Segurança é baleado ao tentar baixar som em Rosário

Gabriel Damásio
gabrieldamasio@jornaldodiase.com.br

Uma discussão causada pelo som alto de um carro foi o motivo de uma tentativa de assassinato ocorrida por volta das 6h10 de ontem, em um posto de combustível no centro de Rosário do Catete (Vale do Cotinguiba). O segurança particular Nilton César dos Santos, 42 anos, levou um tiro na cabeça e foi levado em estado gravíssimo para a Ala Vermelha do Hospital de Urgências de Sergipe (Huse), onde estava internado até o fechamento desta edição. O crime aconteceu durante uma discussão que envolveu o segurança e um grupo de jovens que bebia e ouvia música na loja de conveniência do posto. A polícia ainda trabalha para identificar o atirador.

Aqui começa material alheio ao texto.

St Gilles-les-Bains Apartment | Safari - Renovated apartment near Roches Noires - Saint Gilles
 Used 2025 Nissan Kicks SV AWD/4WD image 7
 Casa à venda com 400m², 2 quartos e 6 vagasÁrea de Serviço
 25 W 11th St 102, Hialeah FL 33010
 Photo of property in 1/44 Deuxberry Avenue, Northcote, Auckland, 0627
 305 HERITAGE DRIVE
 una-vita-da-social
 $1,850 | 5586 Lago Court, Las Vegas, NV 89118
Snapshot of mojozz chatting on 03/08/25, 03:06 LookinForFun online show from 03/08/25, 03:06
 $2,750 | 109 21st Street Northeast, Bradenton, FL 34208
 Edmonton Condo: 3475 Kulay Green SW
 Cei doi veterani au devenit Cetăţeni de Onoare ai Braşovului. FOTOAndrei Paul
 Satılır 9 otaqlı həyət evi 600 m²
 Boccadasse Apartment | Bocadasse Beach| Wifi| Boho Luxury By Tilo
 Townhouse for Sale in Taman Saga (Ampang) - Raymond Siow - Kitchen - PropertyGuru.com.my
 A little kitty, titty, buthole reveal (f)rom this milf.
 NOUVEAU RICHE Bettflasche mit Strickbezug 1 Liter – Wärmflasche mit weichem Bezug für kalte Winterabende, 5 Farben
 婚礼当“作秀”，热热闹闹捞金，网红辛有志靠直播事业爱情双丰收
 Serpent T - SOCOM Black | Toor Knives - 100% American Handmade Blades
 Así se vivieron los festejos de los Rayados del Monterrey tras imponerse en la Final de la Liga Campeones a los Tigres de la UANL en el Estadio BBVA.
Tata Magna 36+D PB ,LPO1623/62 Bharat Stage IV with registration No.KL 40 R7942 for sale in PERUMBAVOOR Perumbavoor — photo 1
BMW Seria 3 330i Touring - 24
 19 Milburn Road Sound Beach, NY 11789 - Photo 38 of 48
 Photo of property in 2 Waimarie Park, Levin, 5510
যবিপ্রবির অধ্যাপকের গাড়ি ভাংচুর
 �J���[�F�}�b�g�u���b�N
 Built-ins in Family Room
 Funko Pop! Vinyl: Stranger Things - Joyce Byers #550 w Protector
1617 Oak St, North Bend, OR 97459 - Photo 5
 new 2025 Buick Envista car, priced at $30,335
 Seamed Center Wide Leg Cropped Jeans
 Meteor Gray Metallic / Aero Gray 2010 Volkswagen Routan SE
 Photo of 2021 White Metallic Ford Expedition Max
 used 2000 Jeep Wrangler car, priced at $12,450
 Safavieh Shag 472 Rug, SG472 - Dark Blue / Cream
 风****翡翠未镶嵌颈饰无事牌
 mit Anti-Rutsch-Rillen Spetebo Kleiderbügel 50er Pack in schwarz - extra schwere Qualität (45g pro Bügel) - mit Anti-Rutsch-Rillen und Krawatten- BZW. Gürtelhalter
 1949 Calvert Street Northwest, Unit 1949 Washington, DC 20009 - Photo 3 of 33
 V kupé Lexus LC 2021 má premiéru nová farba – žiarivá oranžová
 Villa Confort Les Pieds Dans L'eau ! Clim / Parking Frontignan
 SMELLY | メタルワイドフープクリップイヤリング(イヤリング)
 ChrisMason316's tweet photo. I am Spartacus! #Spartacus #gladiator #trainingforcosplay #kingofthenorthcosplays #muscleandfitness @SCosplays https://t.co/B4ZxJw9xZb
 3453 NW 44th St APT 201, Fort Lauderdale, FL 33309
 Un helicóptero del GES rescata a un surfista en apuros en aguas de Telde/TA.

Tudo aconteceu após os shows de abertura das festas juninas em Rosário, que aconteceram ao longo da madrugada na Praça de Eventos da cidade. De acordo com o major Wembley Góis Tobias, comandante do 9º Batalhão de Polícia Militar (9º BPM), Nilton passara a noite trabalhando no evento e, a caminho de casa, parou no posto para fazer um lanche. Naquele momento, o grupo de jovens chegou ao local de carro, abriu o porta-malas do veículo e aumentando o som das caixas. "Ele foi mandar que o grupo abaixasse o som e, nisso, houve uma discussão. Uma das pessoas que estava nesse ambiente fez uma volta por trás do Nilton e, de maneira covarde, pelas costas, efetuou um disparo que pegou na nuca dele", relatou o oficial, acrescentando que o criminoso fugiu do local em uma moto não identificada.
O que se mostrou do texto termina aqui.